Il s’imagine sans peine voir, dans deux ou trois ans, des moteurs de recherche beaucoup plus intelligents que ceux d’aujourd’hui. « Il y a de fortes chances que ça vienne de technologies comme ChatGPt », soutient-il.

On va voir dans les prochaines années une nouvelle guerre des moteurs de recherche. Google ne va pas se laisser faire. Microsoft va aller là-dedans. Il y aura de jeunes pousses. Ça va être excitant de voir ce qui s’en vient.

Martin Bouchard, cofondateur de l’outil de recherche Copernic et aujourd’hui patron des serveurs QScale

Merveilles et limites

M. Bouchard se dit ébahi par la puissance de ChatGPT. « Tu peux quasiment lui demander de trouver le bogue dans ton code de programmation d’un logiciel, et il va le faire. » On peut aussi lui soumettre le contenu d’un contrat, par exemple, en lui demandant de le résumer en cinq faits saillants.

« Ce qui m’impressionne le plus, c’est sa créativité. Il peut créer un poème, une chanson. Et je dirais qu’il s’exprime très bien. D’après moi, il écrit mieux que 95 % des humains. »

Tout n’est pas parfait cependant. La forme ressort mieux que le fond, lit-on de ses critiques.

En outre, la technologie derrière le robot conversationnel est énergivore.

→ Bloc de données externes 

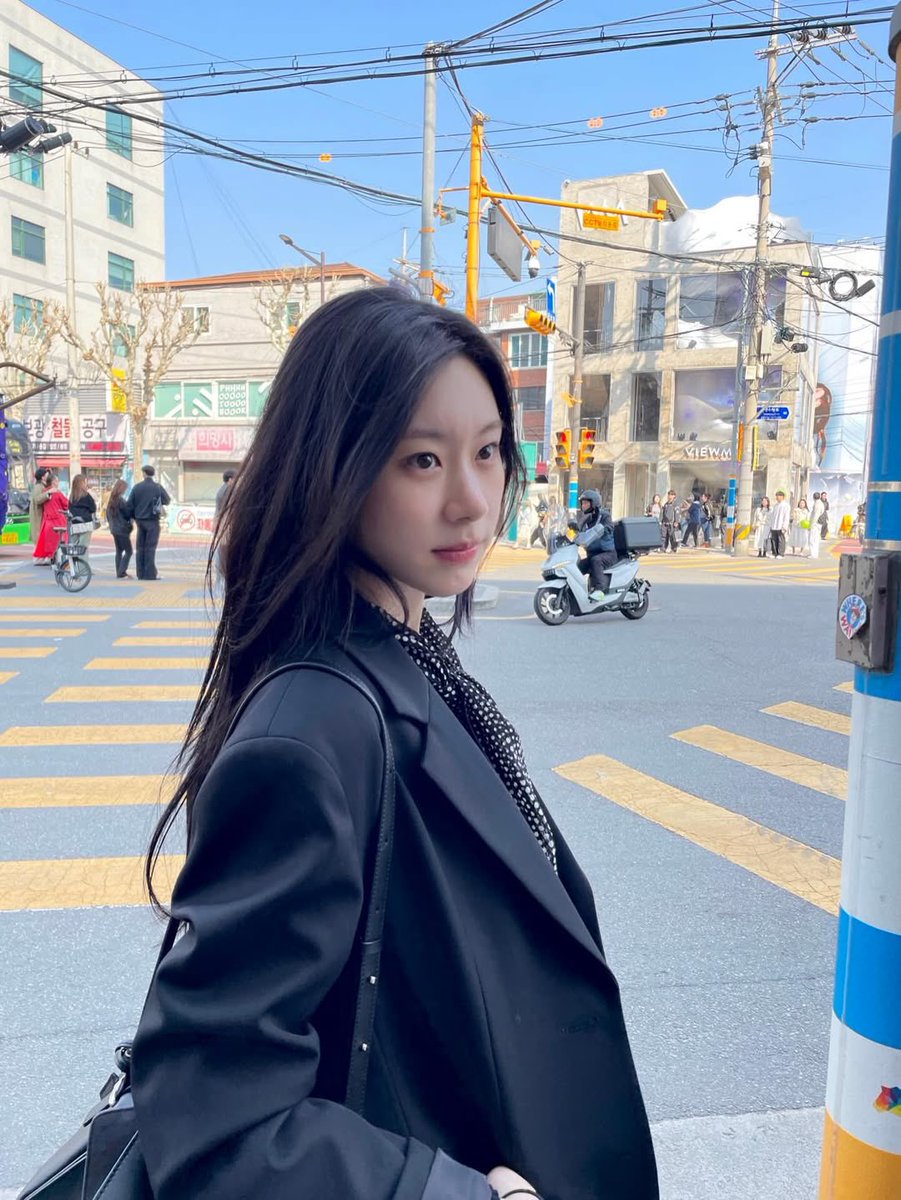 pics for chaeryeong ₊˚⊹♡ tweet media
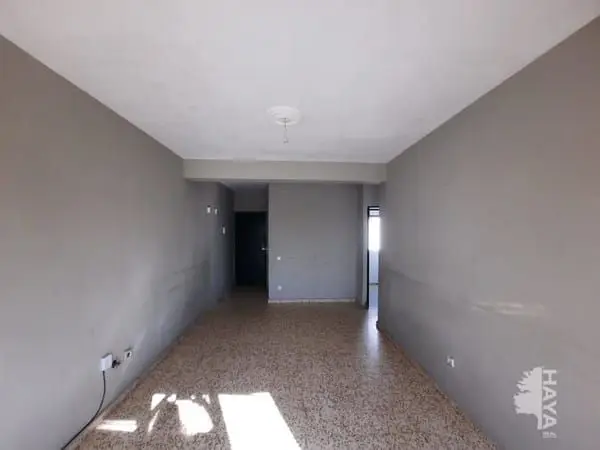 Piso en venta en Pilas 3 dormitorios con garaje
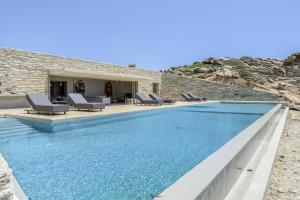 Aetos Cave Villa With Sunset
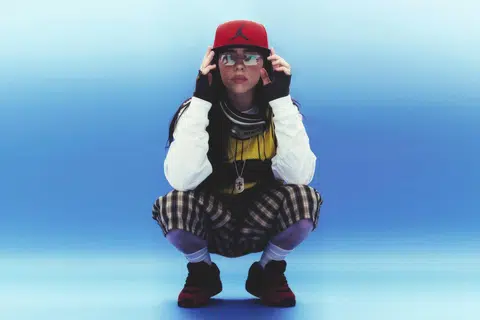 Album terkini penyanyi, Billie Eilish, mencecah penjualan lebih 50 ribu dalam masa lima hari selepas dilancarkan.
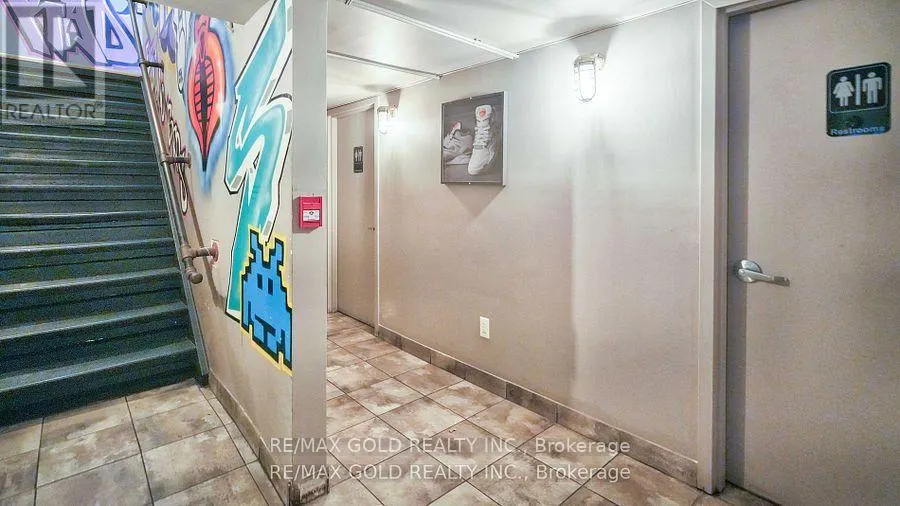 272 KING STREET W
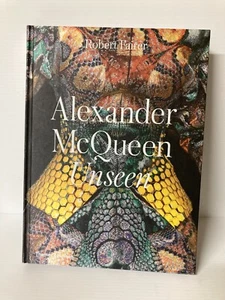Book Alexander McQueen Unseen by Robert Fairer 2016 - Picture 1 of 8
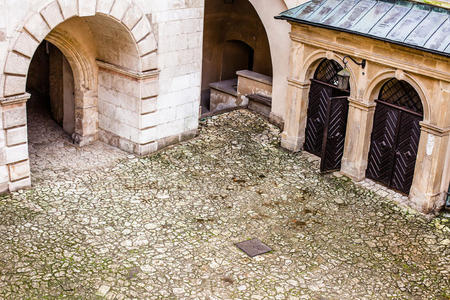 波兰克拉科夫附近中世纪建筑pieskowa skala庭院城堡拱廊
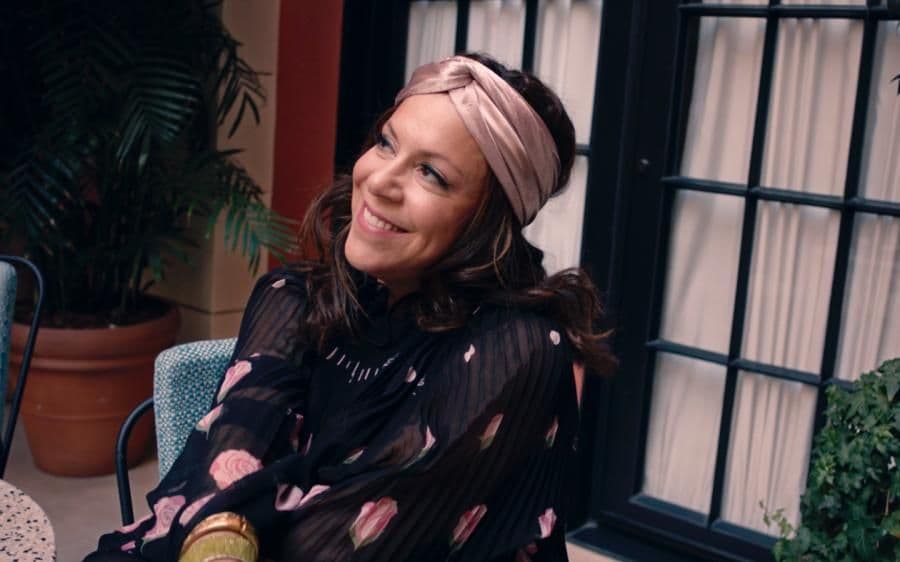 Bebel Gilberto prezentuje teledysk do utworu "Deixa"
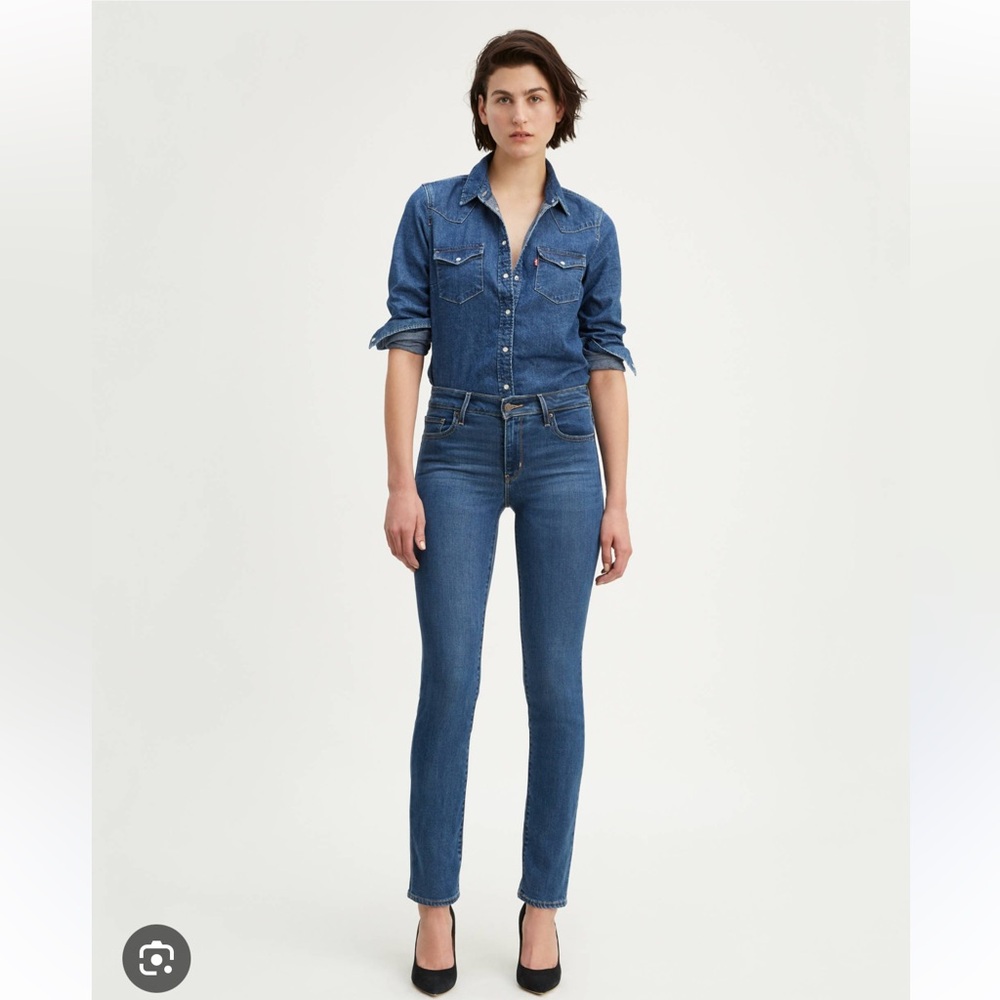Levi’s 712 Slim - medium wash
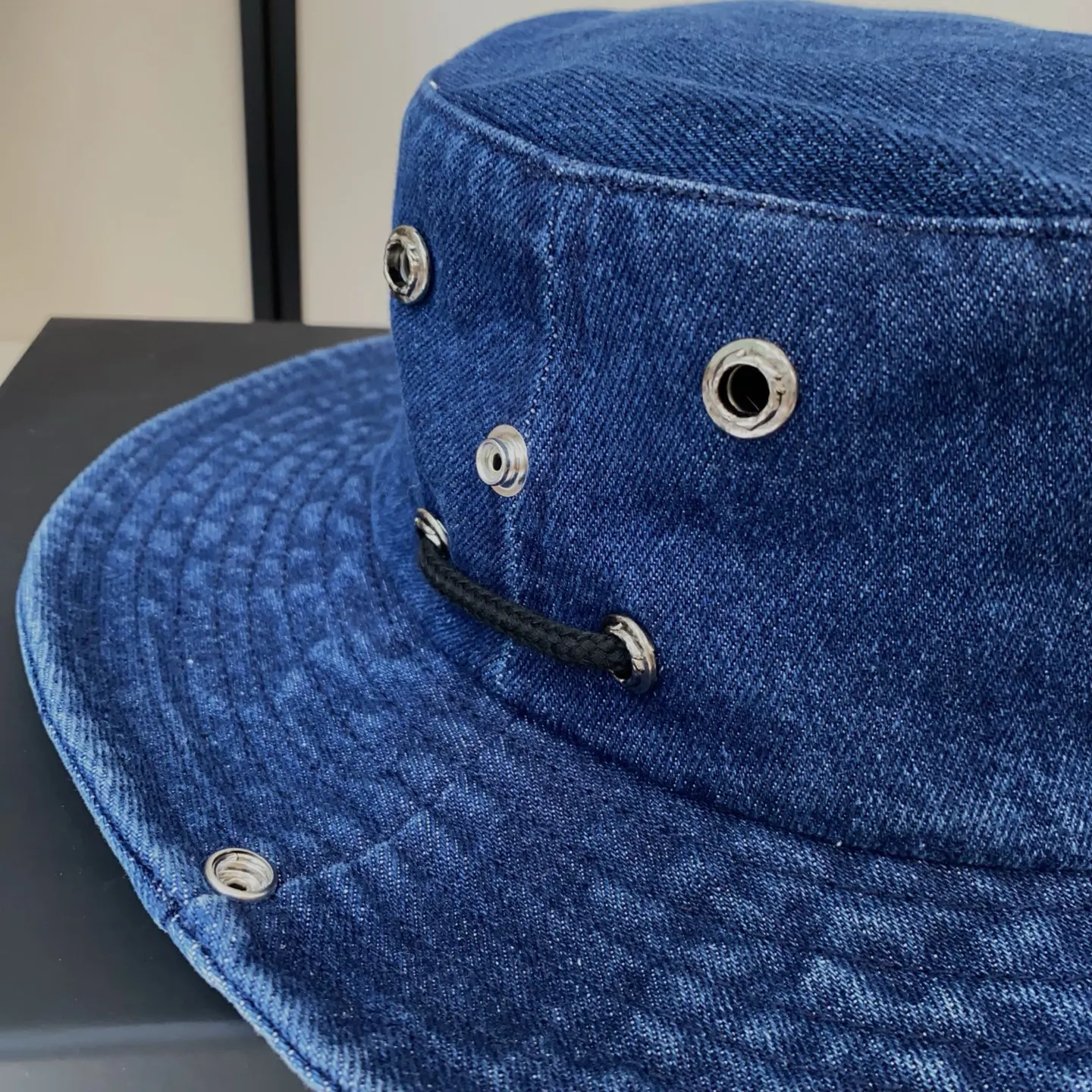 Fashion Item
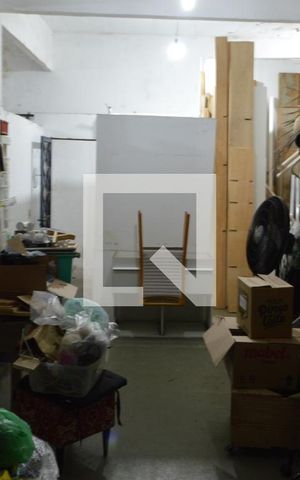Casa à venda com 318m², 4 quartos e 4 vagasDepósito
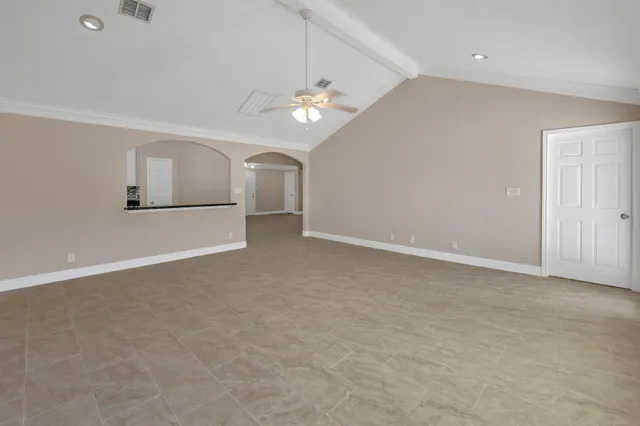 $2,800 | 2910 Norwich Street, Pearland, TX 77584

Le coût par requête est beaucoup élevé qu’avec Google.

« Nous devrons le monétiser d’une manière ou d’une autre à un moment donné ; les coûts de calcul sont exorbitants », a écrit le patron d’OpenAI Sam Altman sur Twitter le 5 décembre dernier. Le service pourrait ainsi devenir payant, prévient M. Bouchard.

Ensuite, la technologie n’est pas branchée sur l’internet en temps réel. « Elle s’arrête en 2021 pour le moment », dit M. Bouchard.

Mais ça va changer rapidement. La rumeur veut que la version 4 sorte ce printemps et le bruit court qu’elle sera jusqu’à 20 fois plus puissante que la version actuelle de ChatGPT.

Valorisée à 29 milliards US

OpenAI est en pourparlers pour vendre une participation d’au moins 300 millions US d’actions dans le cadre d’une offre publique d’achat, ce qui lui donnerait une valorisation d’environ 29 milliards US, a rapporté jeudi le Wall Street Journal. Selon celui-ci, Thrive Capital et Founders Fund sont en pourparlers pour y investir. Les conditions de l’offre n’ont pas été finalisées, prévient le quotidien. OpenAI n’a pas commenté.